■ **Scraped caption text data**
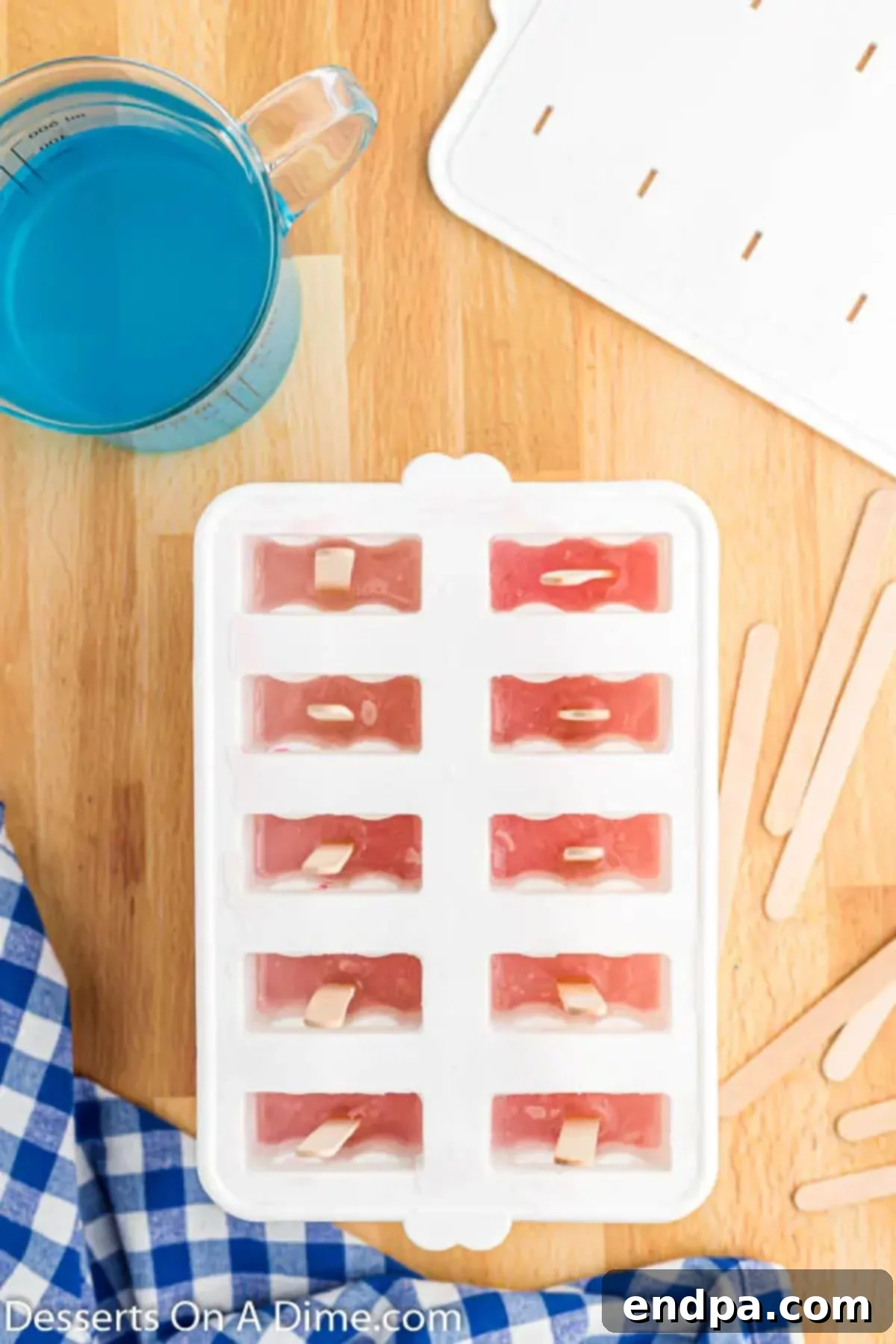 Second layer: Lemonade is carefully poured over the frozen cranberry juice.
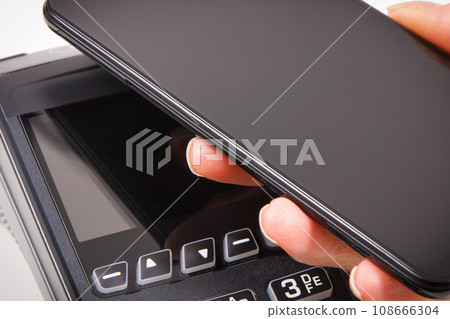 Hand of woman using payment terminal and smartphone to cashless paying. Finance concept 108666304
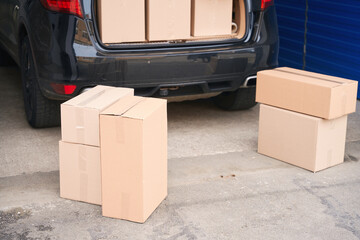 Wall Mural - Car with cardboard boxes in the trunk in a warehouse with self-storage unit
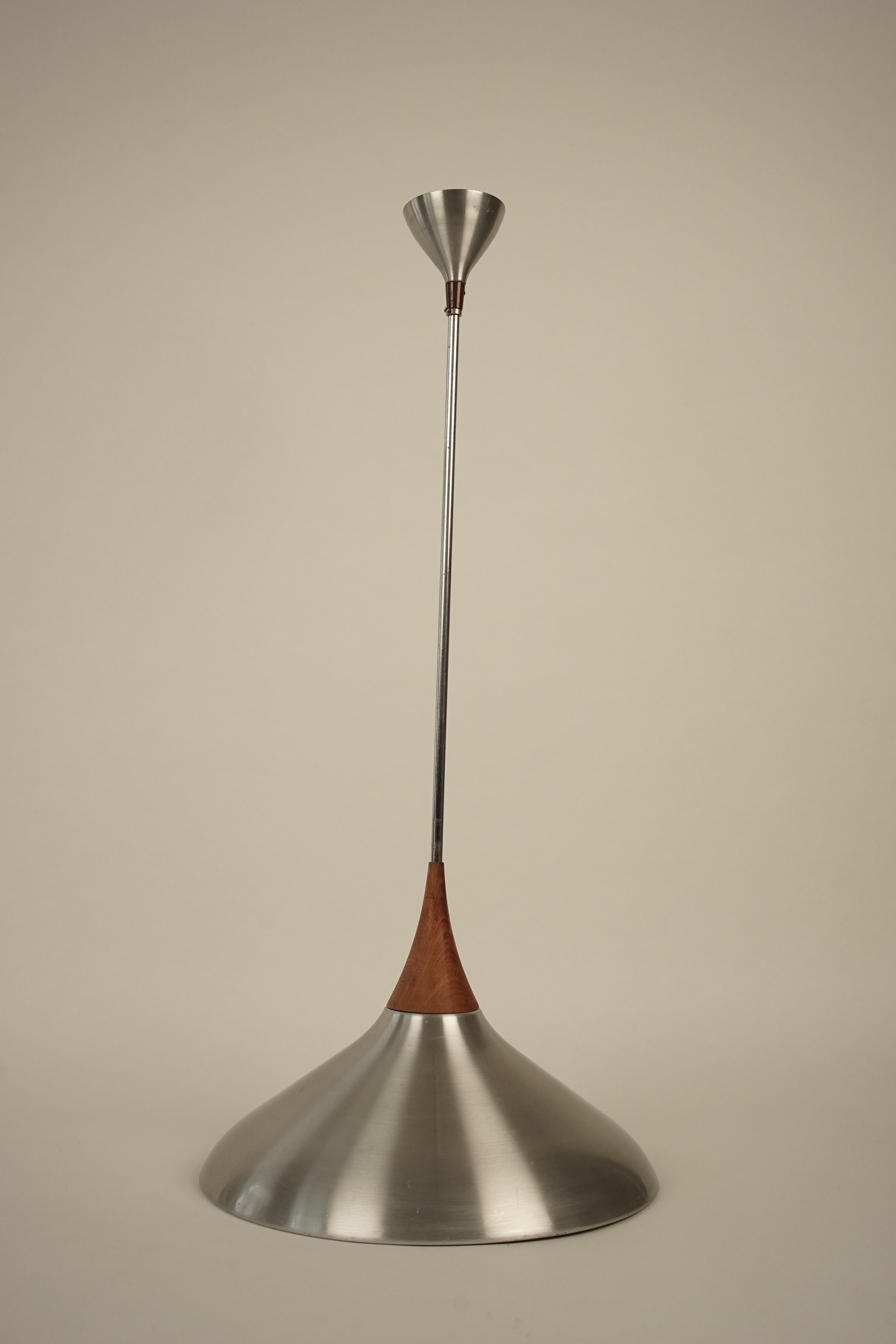 Aluminium pendant lamp with details in teak wood, in an elegant form.
Manufactured in 1960s in Czechoslovakia.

■ **WHAT THE TASK REQUIRES**
Print all records verbatim, excluding pictures.

■ **RESULT BELOW**
 Second layer: Lemonade is carefully poured over the frozen cranberry juice.
 Hand of woman using payment terminal and smartphone to cashless paying. Finance concept 108666304
 Wall Mural - Car with cardboard boxes in the trunk in a warehouse with self-storage unit
 Aluminium pendant lamp with details in teak wood, in an elegant form.
Manufactured in 1960s in Czechoslovakia.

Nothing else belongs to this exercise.